◆ TASK OBJECTIVE
From the line with "I use small" to the line with "Businessman and her", retype every line exactly, including those two, and leave out the rest of the data below.

◆ THE DATA
"""

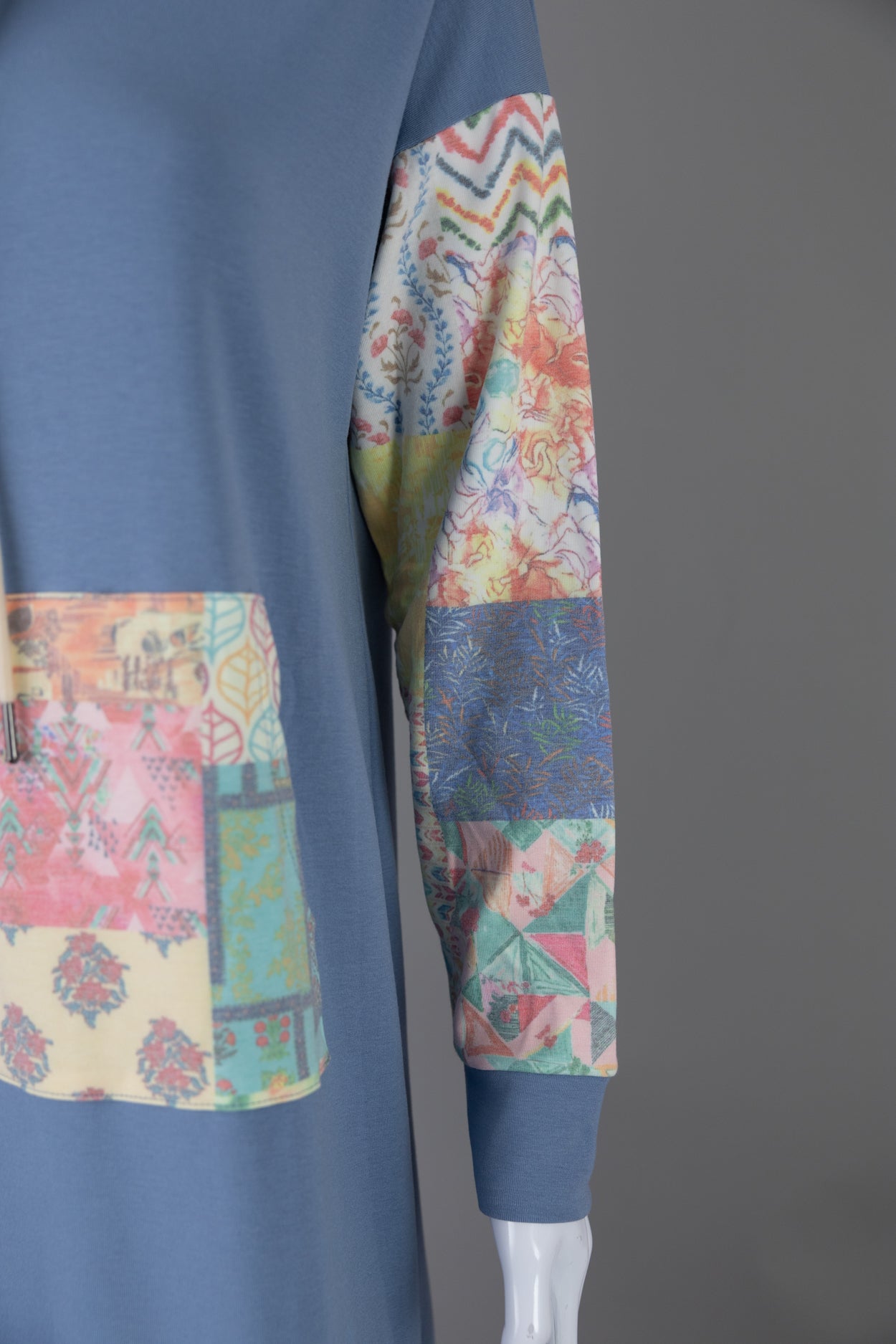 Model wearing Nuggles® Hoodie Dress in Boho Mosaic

"""
"""

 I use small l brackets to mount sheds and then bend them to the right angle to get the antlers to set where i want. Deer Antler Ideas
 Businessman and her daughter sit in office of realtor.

"""
"""

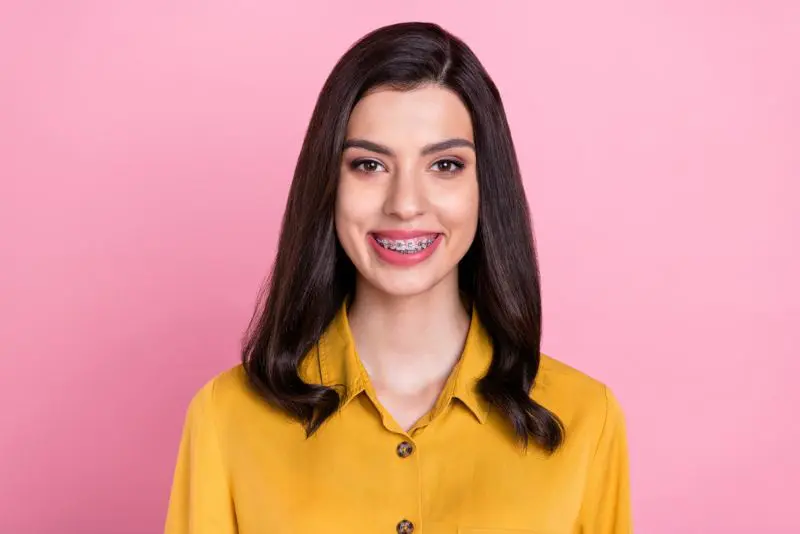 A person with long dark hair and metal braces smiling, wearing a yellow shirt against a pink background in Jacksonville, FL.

"""

◆ EXERCISE RESPONSE
 I use small l brackets to mount sheds and then bend them to the right angle to get the antlers to set where i want. Deer Antler Ideas
 Businessman and her daughter sit in office of realtor.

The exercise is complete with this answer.